The Old Coach, My Father (eCrozier #123)

The old coach is in the late fourth quarter of his last game. The ability he once had to manage the clock, make substitutions, and call the right play is gone. He’s slipping away. Strokes and other medical issues have brought with them a steadily increasing loss of short-term memory and the confusion caused by dementia. The once robust, barrel-chested man who seemingly could do anything he set his mind to, is now bent over, holding on to a walker, shuffling uneasily from bed to chair to restroom and back again.

My father is the old coach. Visiting him this past week brought back so many memories of my childhood: teaching me to swim by throwing me into the deep end, jumping in with me, and then without touching me, telling me I could do it by myself, encouraging me all the way to the pool’s edge; showing me the right and safe way to change a flat tire; explaining in painstaking detail the gentlemanly way to behave when I carried a young lady out on a date; and so much more.

My earliest memories of my father are sitting on his knee in our living room with the lights low helping him (or so I thought) evaluate next week’s opposing football team as the projector played the game film on the screen. He’d say something like: “See how their safety cheats up to the line of scrimmage on first down? By the second quarter we’ll fool him with a play action pass.” As a preschooler I had no idea what he was talking about, but by junior high I was helping him grade his players on film each week.

This week I loaded the old coach in his van and drove him to the cemetery where he and my mother will be buried. He wasn’t exactly sure where we were. We couldn’t find their gravestones, but we did find the marker for his grandparents, my great grandparents, Edward and Clara. We then drove on to the little house where he was born in the 1920’s. I wanted to see it again. In 1963 while staying with my grandparents there for the day my grandfather introduced me to the Ku Klux Klan with a picture book full of burning crosses.
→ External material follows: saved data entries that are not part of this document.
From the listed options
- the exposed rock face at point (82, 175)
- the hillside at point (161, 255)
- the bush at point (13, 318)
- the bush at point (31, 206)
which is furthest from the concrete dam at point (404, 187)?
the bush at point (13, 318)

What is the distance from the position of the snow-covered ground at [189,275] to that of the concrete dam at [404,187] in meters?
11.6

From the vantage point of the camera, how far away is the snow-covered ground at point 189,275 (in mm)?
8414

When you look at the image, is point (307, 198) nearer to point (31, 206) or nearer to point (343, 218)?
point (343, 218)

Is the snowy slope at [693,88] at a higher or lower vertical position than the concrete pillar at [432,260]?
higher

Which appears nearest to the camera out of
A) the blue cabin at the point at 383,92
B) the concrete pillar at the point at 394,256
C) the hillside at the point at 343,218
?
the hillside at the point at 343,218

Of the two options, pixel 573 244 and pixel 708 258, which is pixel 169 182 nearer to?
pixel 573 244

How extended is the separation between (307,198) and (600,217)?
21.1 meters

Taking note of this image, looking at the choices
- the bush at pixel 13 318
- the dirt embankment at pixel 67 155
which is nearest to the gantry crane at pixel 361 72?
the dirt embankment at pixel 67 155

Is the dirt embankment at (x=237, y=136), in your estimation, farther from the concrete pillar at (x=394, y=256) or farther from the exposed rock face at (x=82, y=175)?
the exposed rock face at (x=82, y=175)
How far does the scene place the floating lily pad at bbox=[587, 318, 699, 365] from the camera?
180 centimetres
When my father came to pick me up at the end of the day and saw what I had in my hands, he threw the book in the trash, had some harsh words with my grandfather, and we drove off. It would be years before I’d see my grandfather again.
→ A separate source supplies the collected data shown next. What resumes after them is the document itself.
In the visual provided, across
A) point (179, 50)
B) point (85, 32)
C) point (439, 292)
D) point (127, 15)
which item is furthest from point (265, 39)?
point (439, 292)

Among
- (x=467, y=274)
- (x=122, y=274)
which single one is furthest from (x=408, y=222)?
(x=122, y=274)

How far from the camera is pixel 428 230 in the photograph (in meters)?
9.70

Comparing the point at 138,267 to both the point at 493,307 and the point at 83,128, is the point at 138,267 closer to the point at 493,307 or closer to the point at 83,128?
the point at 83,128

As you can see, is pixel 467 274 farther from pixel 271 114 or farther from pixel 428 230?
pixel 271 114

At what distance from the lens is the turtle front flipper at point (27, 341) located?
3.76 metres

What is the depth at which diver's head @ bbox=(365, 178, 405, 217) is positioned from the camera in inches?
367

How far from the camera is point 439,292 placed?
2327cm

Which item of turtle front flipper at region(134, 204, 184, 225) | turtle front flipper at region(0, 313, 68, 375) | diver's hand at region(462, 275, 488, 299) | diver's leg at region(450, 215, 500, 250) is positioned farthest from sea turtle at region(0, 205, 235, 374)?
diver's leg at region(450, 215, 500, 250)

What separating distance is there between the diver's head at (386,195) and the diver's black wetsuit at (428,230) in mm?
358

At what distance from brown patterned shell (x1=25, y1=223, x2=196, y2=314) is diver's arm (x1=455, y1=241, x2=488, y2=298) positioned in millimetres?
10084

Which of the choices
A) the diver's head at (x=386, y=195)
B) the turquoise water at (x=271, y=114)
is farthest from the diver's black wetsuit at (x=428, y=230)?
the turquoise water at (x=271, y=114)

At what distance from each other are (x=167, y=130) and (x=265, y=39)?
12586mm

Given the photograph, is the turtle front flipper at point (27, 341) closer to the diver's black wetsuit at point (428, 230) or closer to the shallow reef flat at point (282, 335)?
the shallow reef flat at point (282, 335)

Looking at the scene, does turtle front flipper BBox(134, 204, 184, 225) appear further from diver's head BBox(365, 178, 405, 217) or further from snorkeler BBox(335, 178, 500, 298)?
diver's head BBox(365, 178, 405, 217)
On the way home from seeing his old house, he needed to use the restroom, so I stopped at a restaurant and guided him in toward the restroom. There I had to help him do everything, even soaping his hands and drying them off before we left, just as he’d done for me fifty plus years ago. On the way out, people stared seemingly with pity at this shuffling old man bent over his walker slowly moving between the tables. I wanted to shout at them: “Don’t pity the old coach. Stand up, for a righteous man is passing by.”

A few years ago, when my father was elected to the Ohio Football Coaches Hall of Fame, one of his former players, who was the first black quarterback on one of his teams during a tumultuous time in the 1960’s, wrote to me about his “commitment to what was right, instead of what was popular and convenient.” All the players who ever played for him received that lesson in life from him. And so have I.